* [Input data]:
● ● ● ● ●

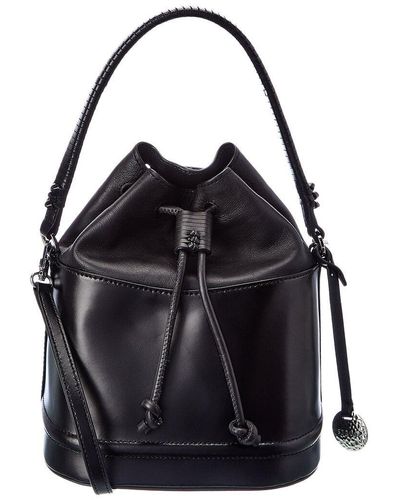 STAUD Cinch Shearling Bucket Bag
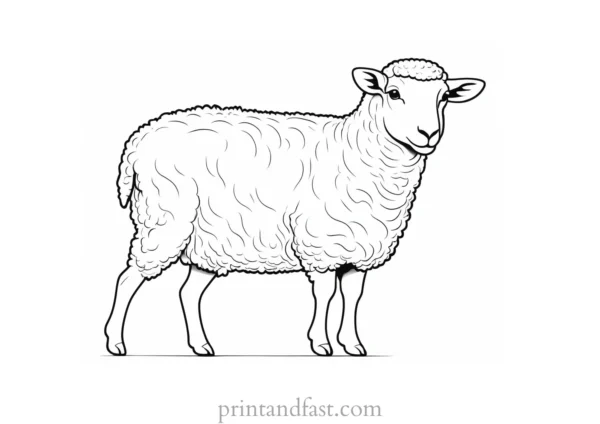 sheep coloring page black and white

● ● ● ● ●

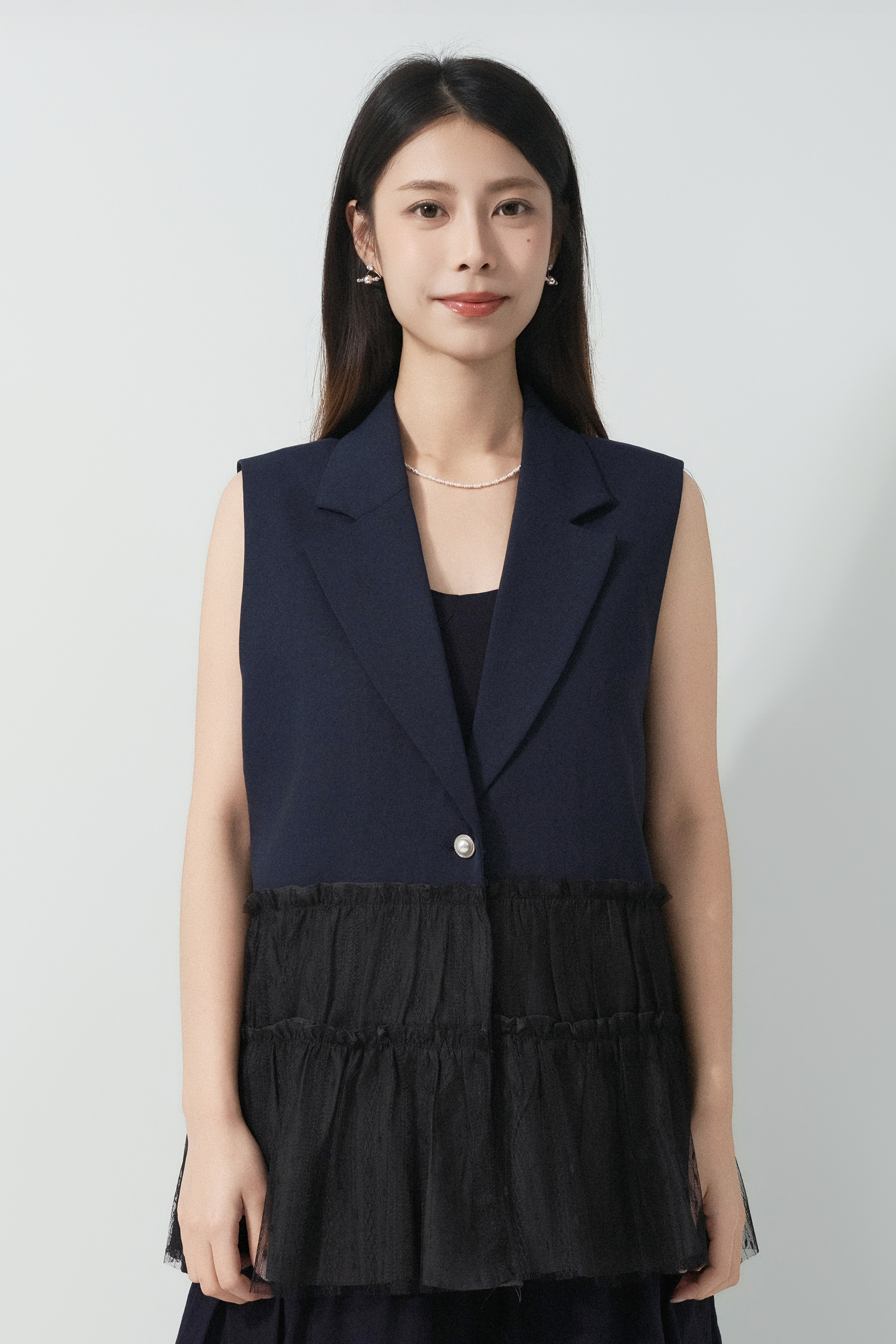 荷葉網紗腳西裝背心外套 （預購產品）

● ● ● ● ●

The response must repeat exactly the lines above from the one with "STAUD Cinch Shearling Bucket Bag" through the one with "sheep coloring page black and white", including both, and must contain no pictures and no other text.

* [Answer to the problem]:
 STAUD Cinch Shearling Bucket Bag
 sheep coloring page black and white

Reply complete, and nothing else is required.